> [Problem details]
Print exactly the lines from the one that contains "cutiepinayxx Porn Show" through the final line of the entries below, both included, and nothing else; omit the pictures.

==============================

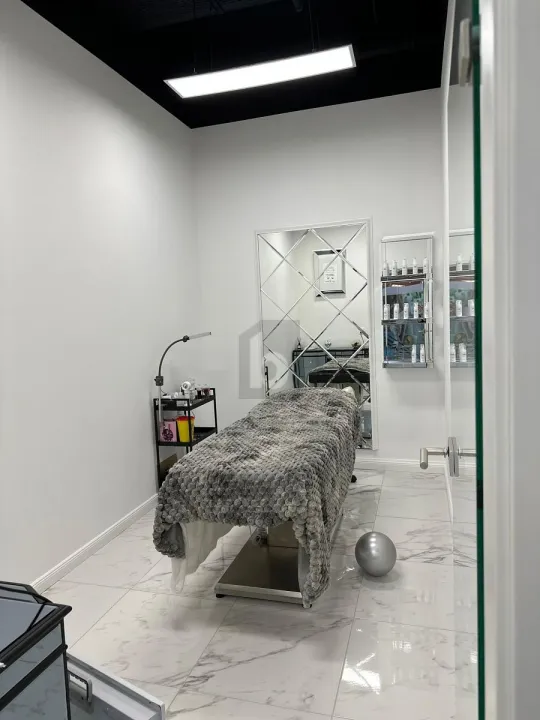 Doctor's office Prilly for rent Switzerland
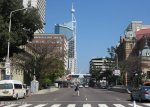 durban-pine-street-s-29-51-544-e-31-01-1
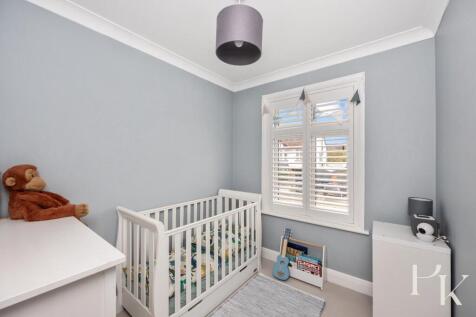 Woodhouse Road, 32-008.jpg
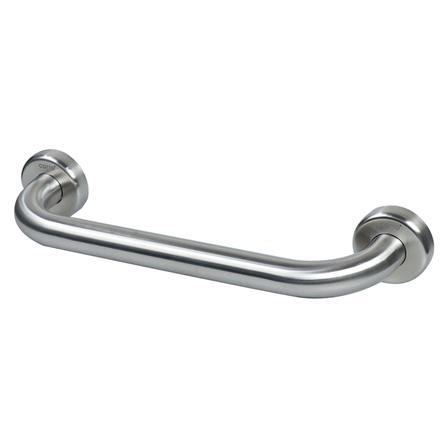 ราวทรงตัวยาว 35 ซม. CT750L35#SA(HM)_0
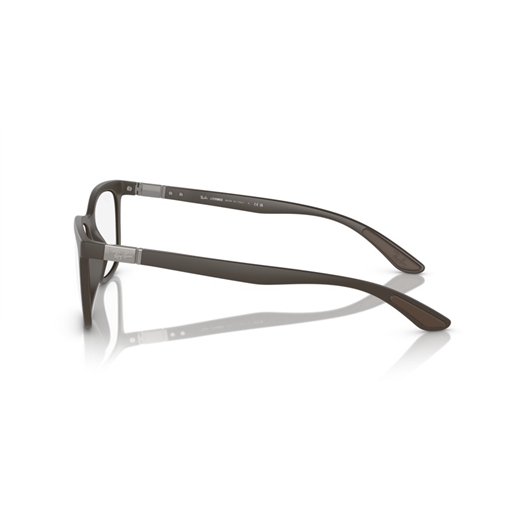 RAY-BAN  RX7230 - 8063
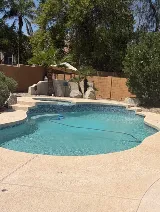 Barefoot Pools photo 5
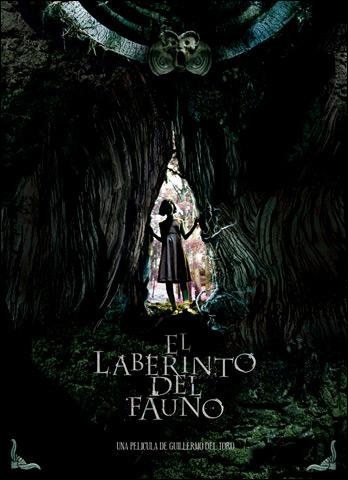 cinedirecto.net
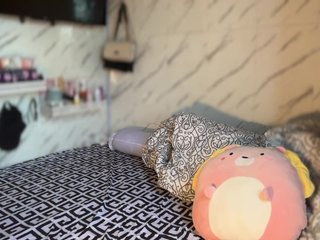 cutiepinayxx Porn Show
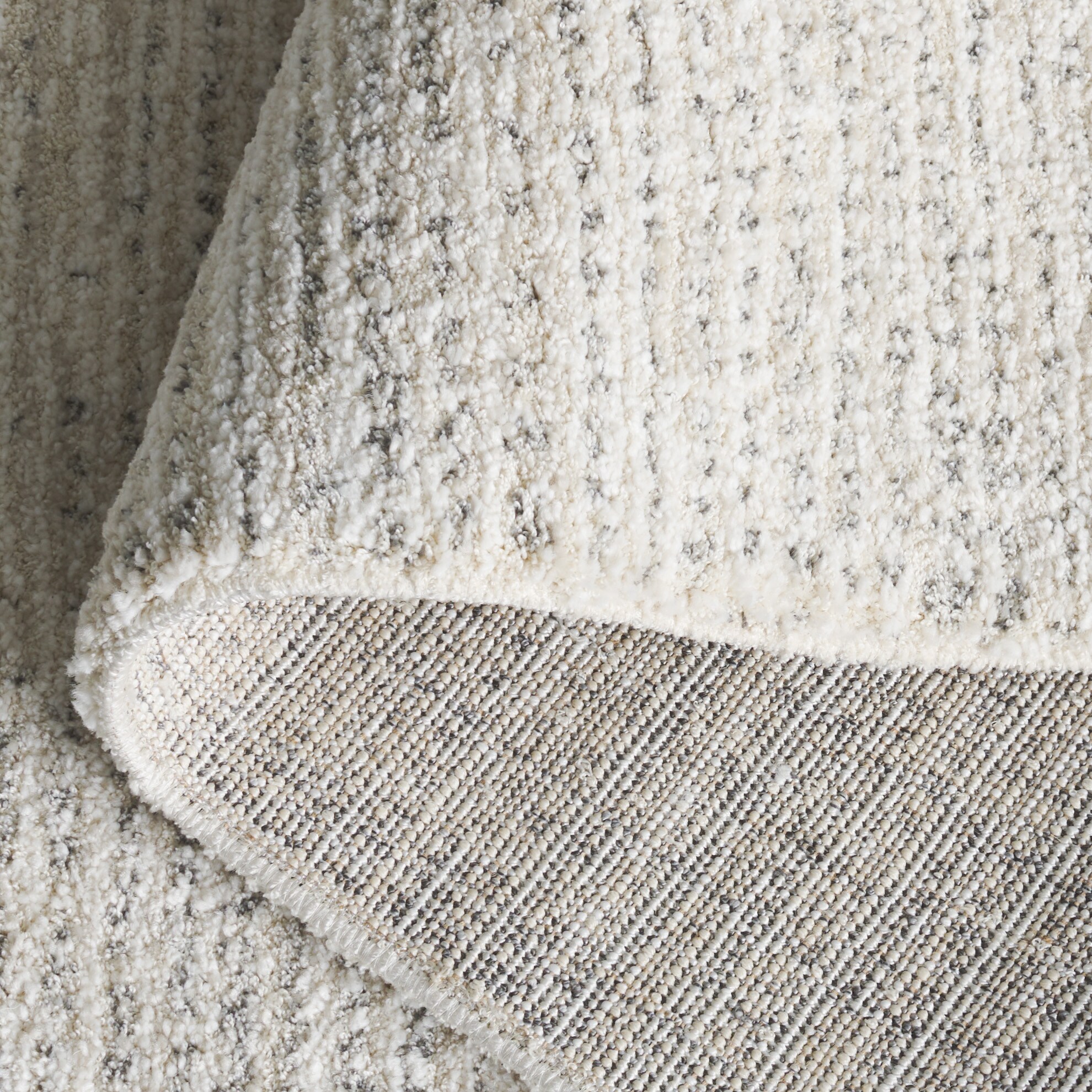 Safavieh NTP422B-7SQ rugs - View #5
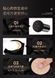 АКЦІЯ! Тональний кушон 02 тон Senana Delicate And Smooth Skin Beauty Cream 20мл 0404013 фото 4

==============================

> [Task response]
 cutiepinayxx Porn Show
 Safavieh NTP422B-7SQ rugs - View #5
 АКЦІЯ! Тональний кушон 02 тон Senana Delicate And Smooth Skin Beauty Cream 20мл 0404013 фото 4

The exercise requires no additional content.